Only three kilometers further, Familia Di Tommaso was the next vineyard on our list.  Rather than just drinking, we first took a tour of this small, family run bodega which is the oldest in Maipu.  They showed us the old cement tanks which were formally used to ferment and age the wine.  More modern systems have been put in place, so these are now used as wine cellars for the bottles they produce.  Like many of the wineries in this region, their gem can be found in their Malbec Reserva.  Aged in oak for 12 months, this wine has a robust flavor which impressed us all.  We immediately ordered a bottle to accompany lunch aside the vineyard.  Something which makes the wines here even more special is that they do not export or sell to grocery stores.  This family’s produce can only be bought here at the bodega.  Unfortunately, they don’t make ordering a case of wine very easy since they don’t take credit cards and don’t ship directly from the winery.  Dan was especially disappointed, but with the help of Elena at our lodge he was able to work it out.  At lunch, we were joined by a couple from Holland who we met on the tour.  I don’t know if it is the wine or just travelers to this region in general, but we have met such wonderful, like-minded people on this visit.  Everyone is traveling anywhere from 3 weeks to 3 months and no one looks at us like we’re crazy when we tell them about our trip around the world.  Building friendships with people from around the world has been a major added benefit of this trip that I didn’t anticipate beforehand.

After visiting these very small wineries, we were in for a huge difference with Trapiche, easily the largest vineyard in Maipu and also a part of the largest winery in Argentina.  Here we met up with Sophie, our other new friend who was also staying at Tikay Killa.  We toured this monstrous winery, learning about its long history.  The building we were in has been dedicated as historically significant, therefore retains its original characteristics.  Though it has been refurbished and modernized, the original structure still stands including the huge tanks which are still used to ferment the wine.  This winery originally belonged to a different family who built in this location due to its proximity to the railroad.  In fact, they even have a “pool” where they could ferment 5 million liters of wine at one time! Considering some small wineries we visited only produce about 19,000 liters a year, this number had our jaws on the ground.  The idea was that all the wine from this one pool could be the entire stock loaded onto one train.  This pool is no longer used because, as you might imagine, it is difficult to control the quality and consistency of the wine when creating it on that scale.   The tour ended with a taste of 3 different wines and although they were delicious, we all agreed the smaller Di Tommassi family winery we visited earlier was superior.
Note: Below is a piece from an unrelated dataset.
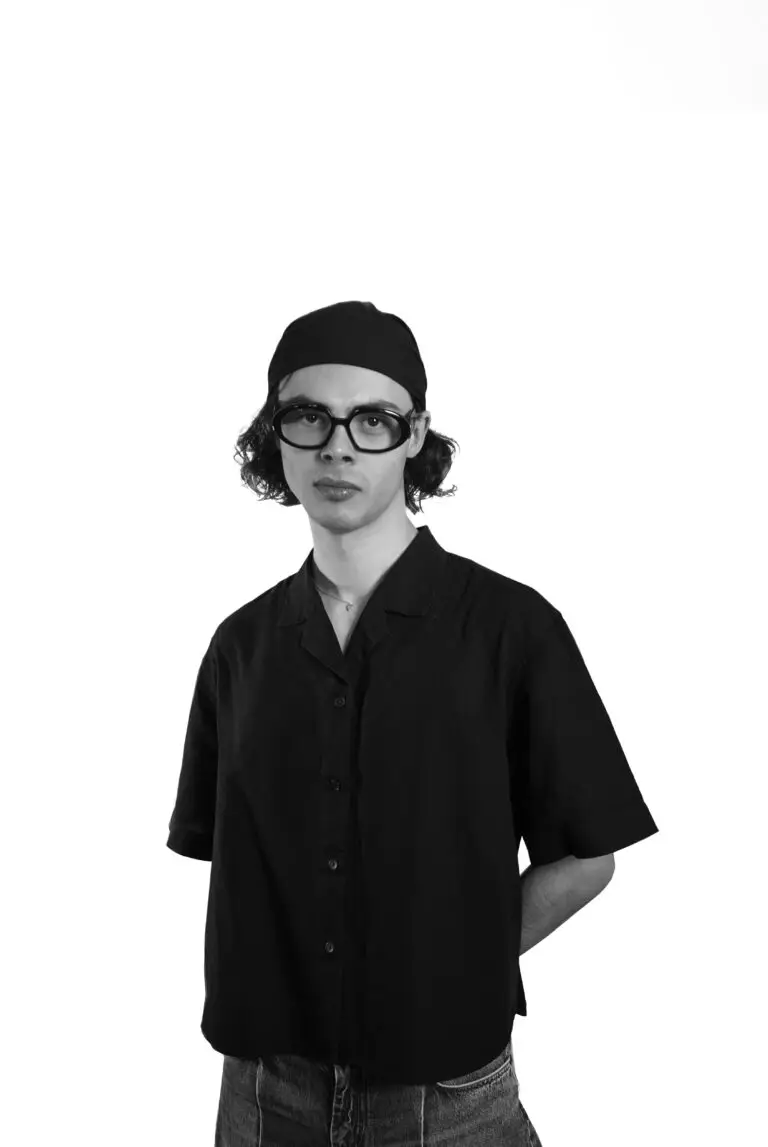 GABRIELE FABRIS ISTITUTO SECOLI scaled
Working our way back toward our lodge, we made our final visit to Finca Vina Maria, a tiny winery situated conveniently at the end of our street.  We barely arrived before their 5:30 pm closing time, but the woman was more than happy to share with us the history of the winery and a description of the wines they produce.  Rather than have a tasting, we decided to share a bottle of the Malbec while sitting outside under the shade of the huge sycamore tree.  Chatting about all things wine turned into chatting about all things life.  We learned more about each others jobs, families and travels.  Phil and I were surprised to find out a “jumper” means a “sweater” when spoken by a Brit, but be careful–a sweater is  not the same thing as a cardigan!  Dan conceded that Americans are probably more correct with some of our pronunciations of words, while Sophie staunchly believes since the Brits invented the language, they must be the ones who are right.  She does have a point!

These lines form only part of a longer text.